Un centriste et un général comme colistiers

Les candidats à la vice-présidence du Brésil ont eux aussi des profils diamétralement opposés, dans l'ombre des aspirants à la fonction suprême.

L'ex-président de gauche a choisi le technocrate centriste Geraldo Alckmin, 69 ans, comme colistier. Lula justifie ce choix, jugé "contre-nature" par certains, en assurant que le temps est venu de l'union sacrée en défense de la démocratie.

Geraldo Alckmin a acquis une réputation de solide gestionnaire au fil de ses quatre mandats de gouverneur de Sao Paulo (2001-2006 et 2011-2018), de quoi rassurer les milieux d'affaires.

Le chef de l'Etat sortant, lui, a opté de son côté pour un général de la "ligne dure" et homme de confiance.
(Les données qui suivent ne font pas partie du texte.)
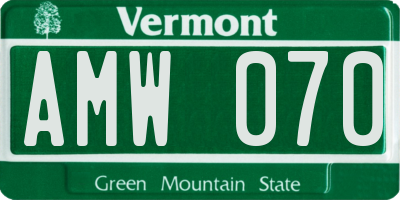 VT license plate AMW070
Jair Bolsonaro avait placé Walter Braga Netto à des postes stratégiques de son gouvernement avant de le lancer dans la course électorale.

Ce militaire de 65 ans est considéré comme un bolsonariste pur et dur. Fin mars 2021, juste après sa nomination au ministère de la Défense, il avait mis le feu aux poudres en affirmant que le coup d'Etat militaire de 1964 devait être "célébré" comme un "mouvement" ayant permis de "pacifier" le pays.